Świetnie czyta się kwestie Becka, ponieważ ma on duże poczucie humoru, jest autokrytyczny i mimo wszystkiego, co przeszedł, tryska optymizmem. Aż nie chce się wierzyć, że jest to człowiek dręczony depresją, która często powraca w książce. W opowieści postrzegamy go pozytywnie, choć przecież jest facetem, który, by żyć, musi wciąż coś sobie udowadniać (na przykład to, że zdobędzie Koronę Ziemi). To, co mówi jego żona, stawia ją w pozycji zgorzkniałej kury domowej, którą wielu czytelników doskonale zrozumie.
Pomimo tego, że książkę czyta się nieźle, to pozostaje niesmak – za dużo w niej wszystkiego, zbyt wielu bohaterów (po co w ogóle opowiadać o kolejnej rodzinnej tragedii, jaka rozegrała się w niespełna rok po powrocie Becka z Himalajów?). To, co najważniejsze, najciekawsze, co widnieje na okładce i w tytule, zostało rozmienione na drobne, poszatkowane i przemielone przez rodzinę i znajomych Becka. To bardziej książka o chwiejącym się w posadach małżeństwie niż o wspinaczce górskiej. Niestety. Stąd pewnie bardziej spodoba się miłośnikom literatury obyczajowej niż górskiej.

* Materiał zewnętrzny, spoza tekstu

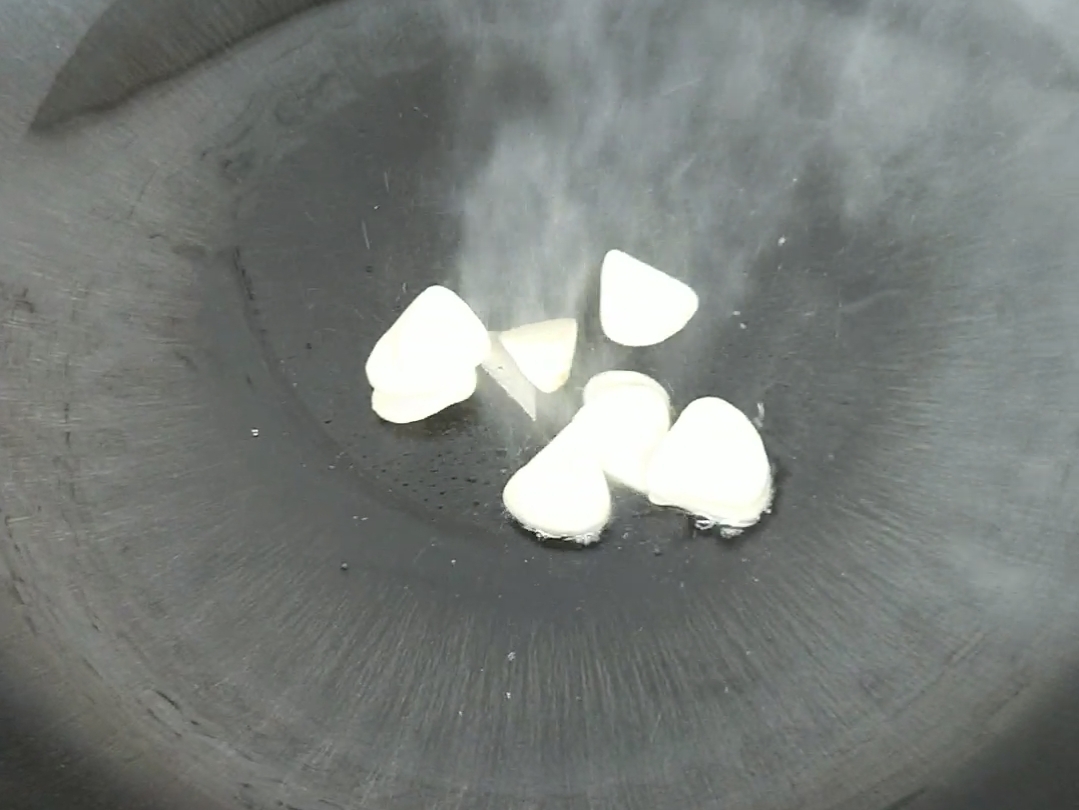 素炒青梗花菜的做法-家常味炒菜譜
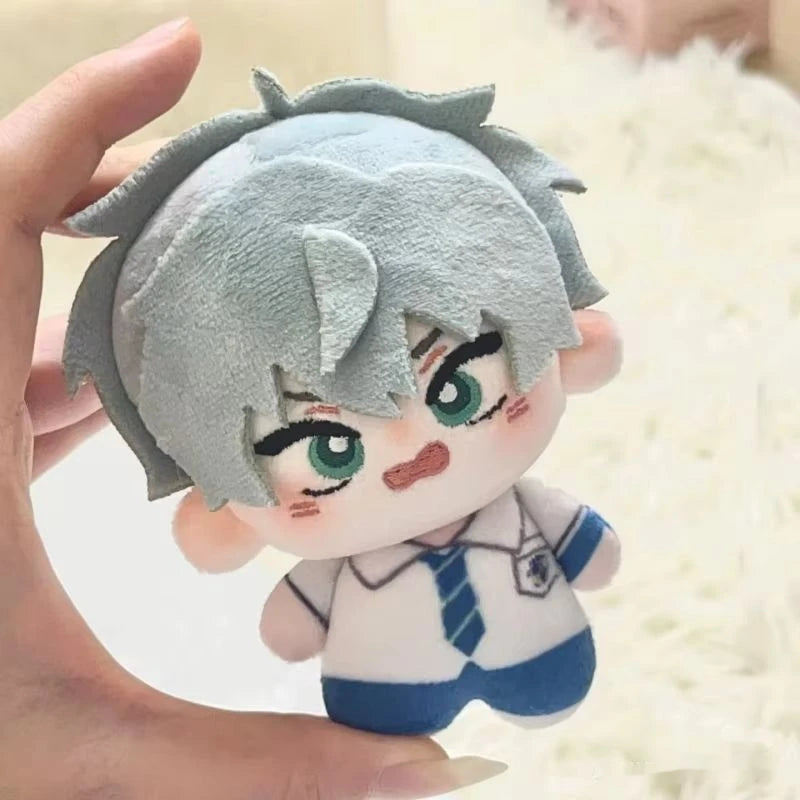 10cm Alien Stage Ivan hasta juguetes de peluche figura de cuerpo suave estatua modelo colección decoración de habitación escritorio juguetes para niños regalos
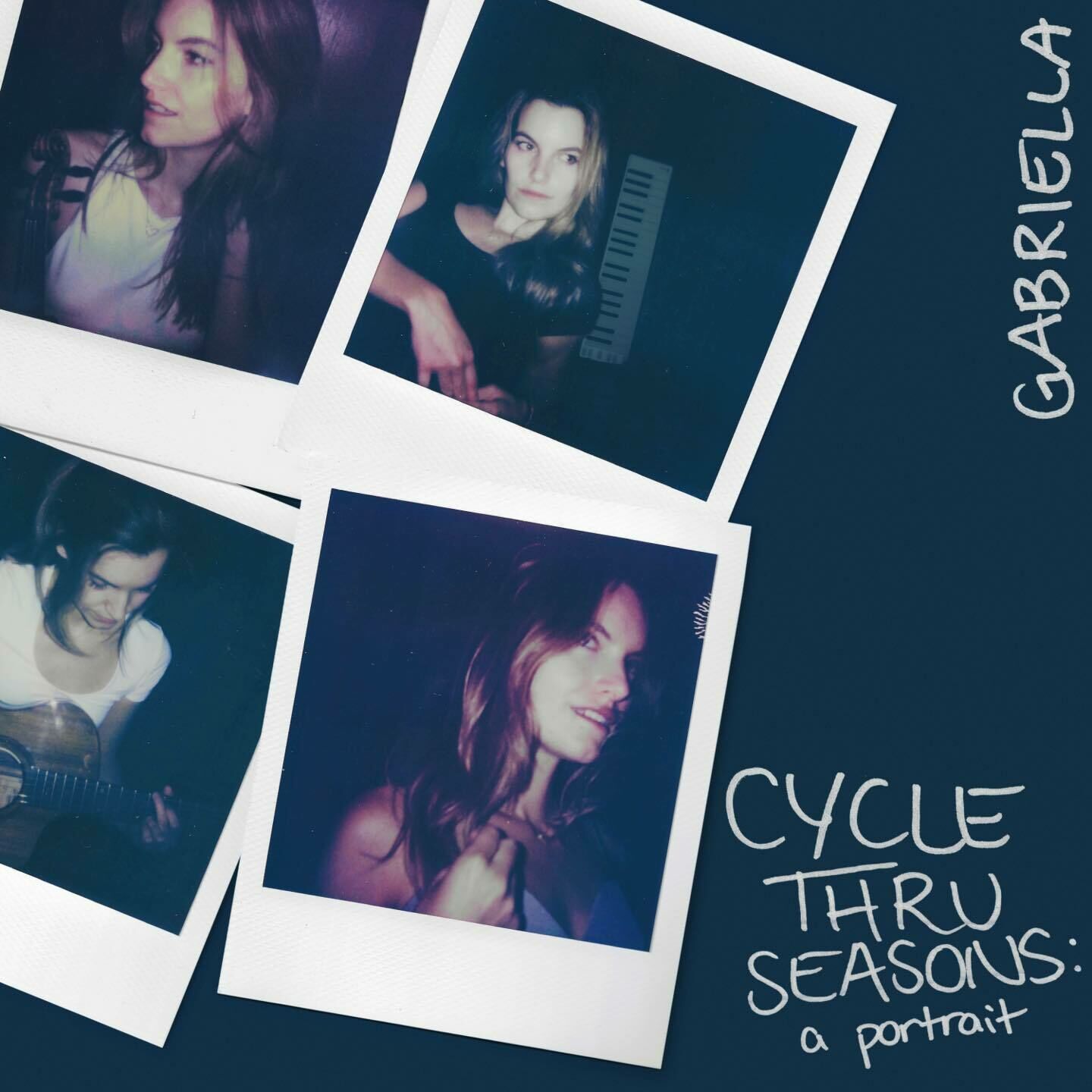 Gabriella/Cycle Thru Seasons : A Portrait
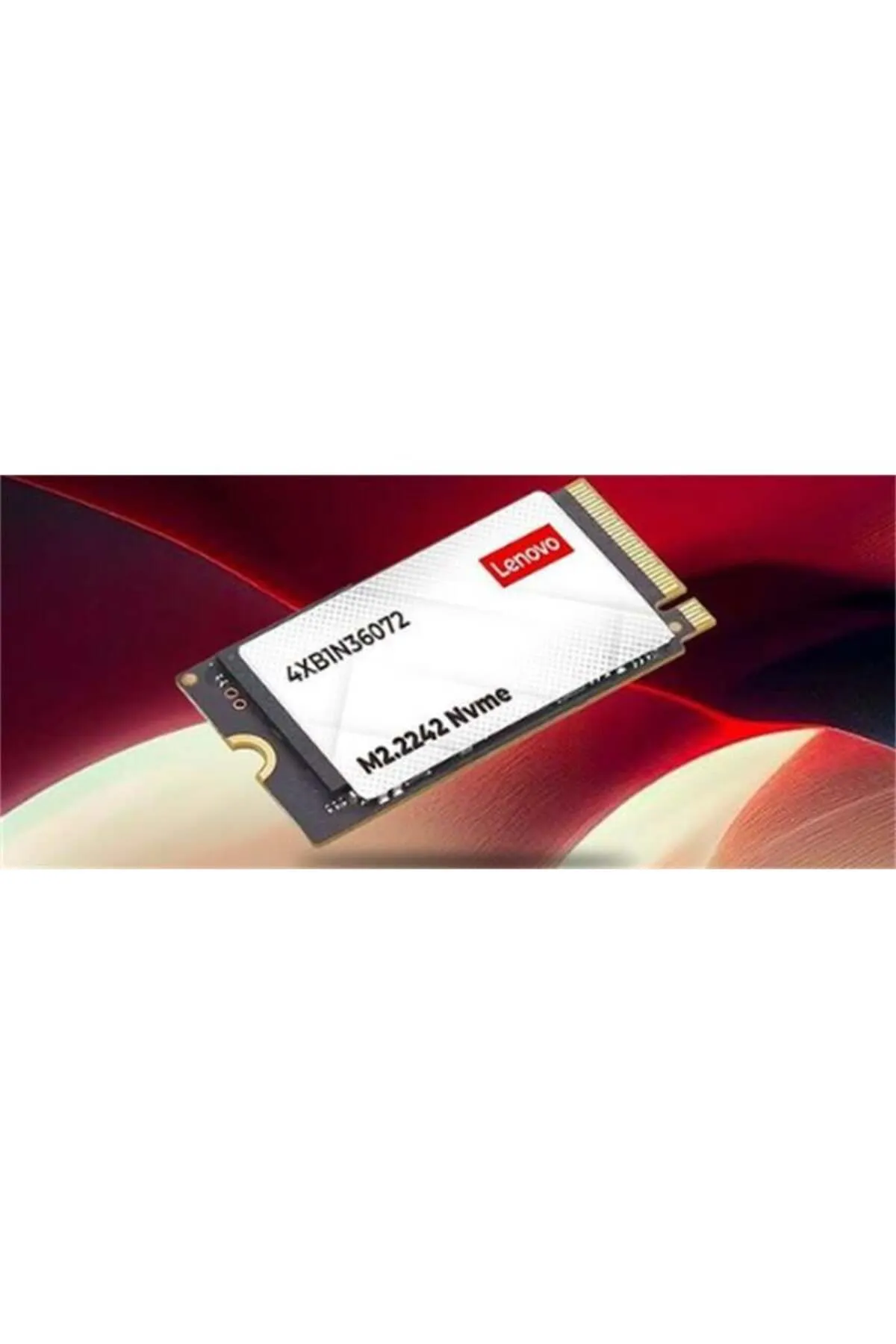 Lenovo 512 GB LENOVO 4XB1N36072 M.2 GEN4 2242 INTERNAL SSD GEN 2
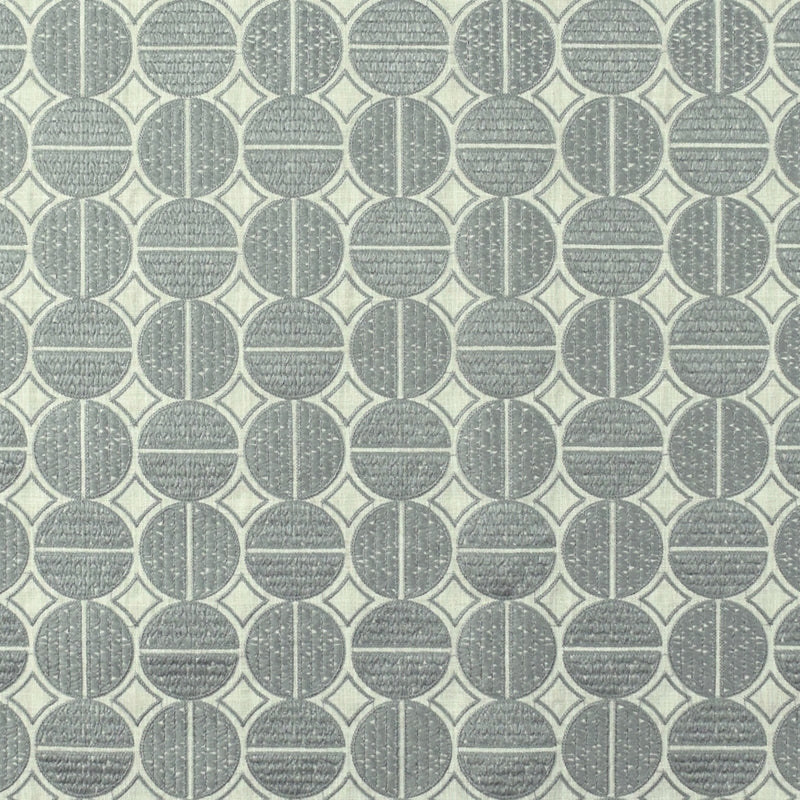 Purchase S2642 Pewter Medallion Multipurpose Greenhouse Fabric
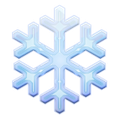 Snowflake - Snapchat Trophies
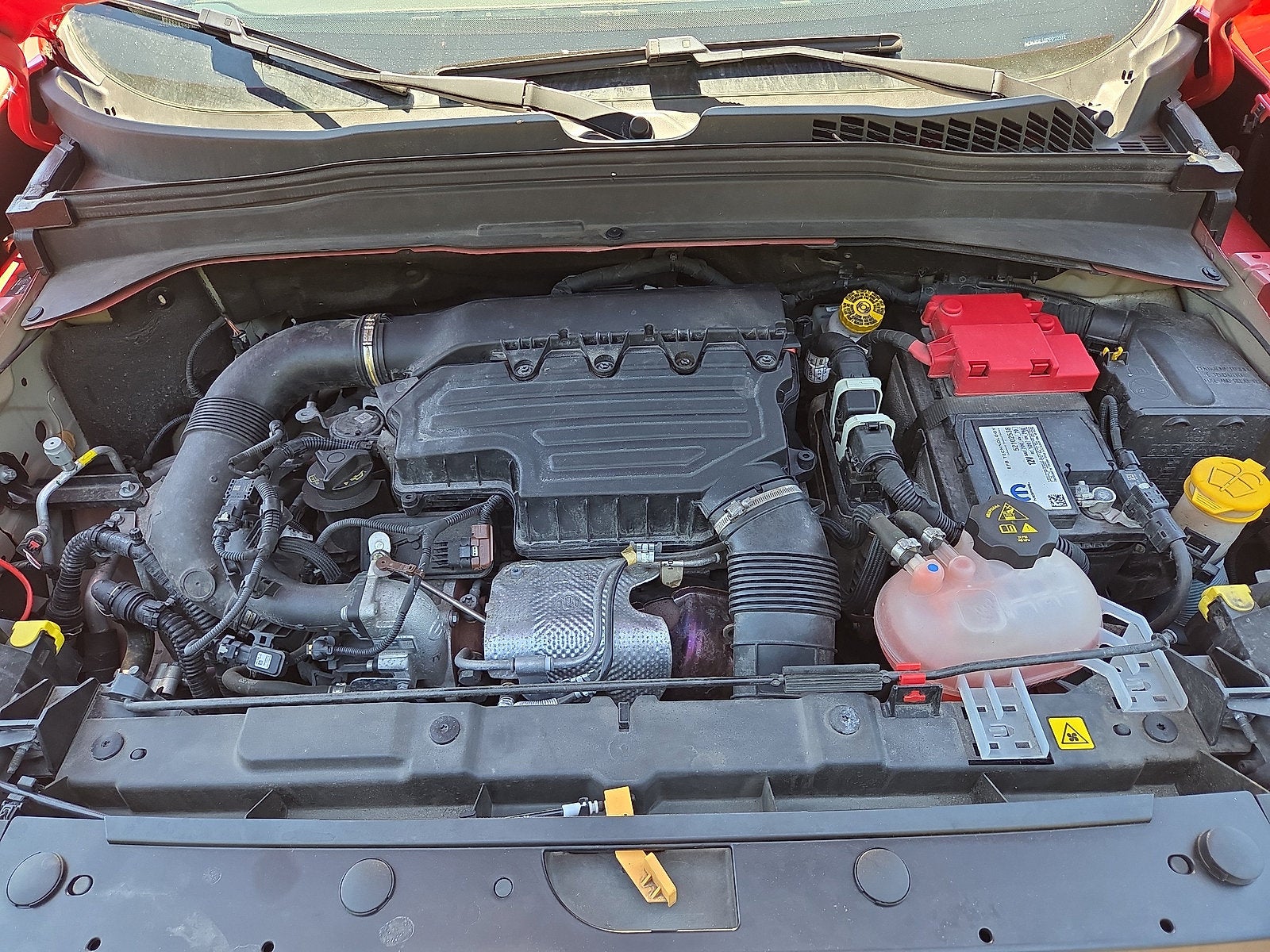 2023 Jeep Renegade Altitude 4WD
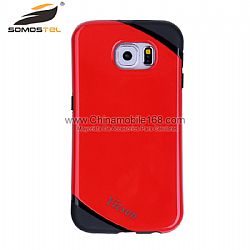PC + TPU 2 in 1 Cell Phone Case Supplier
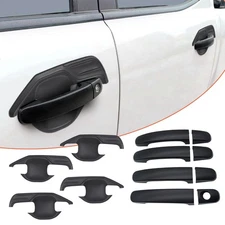 Door Handle Cover & Bowl Insert Cover Accessories For Ford Ranger 2012-2022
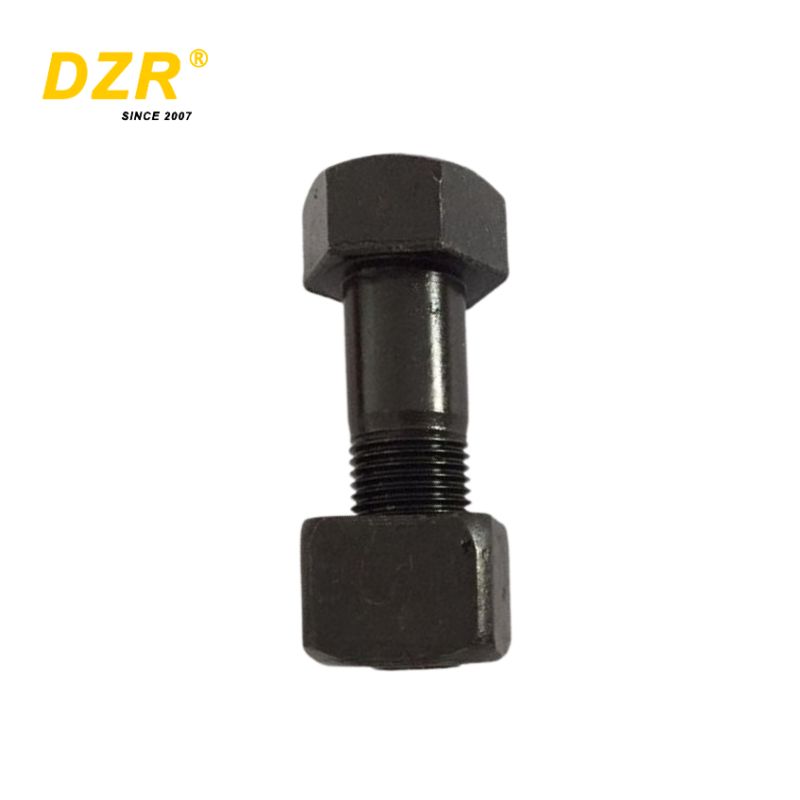 Cheap Price Bulldozer Undercarriage Parts Track Bolt and Nut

Czytałam gdzieś, że książka jest beznadziejna i że lepiej obejrzeć film i chyba ta opinia tak mocno mi się zapisała w głowie, że nawet nie sięgnę po egzemplarz..
Nie jest beznadziejna, ale nie jest tym, czym chcielibyśmy, żeby była. Weathers napisał swoją autobiografię, choć znany jest tylko z tego, że przeżył na Evereście. My byśmy chcieli czytać o tym wydarzeniu, on natomiast uznał, że ważniejszy jet całokształt jego życia i przemiany.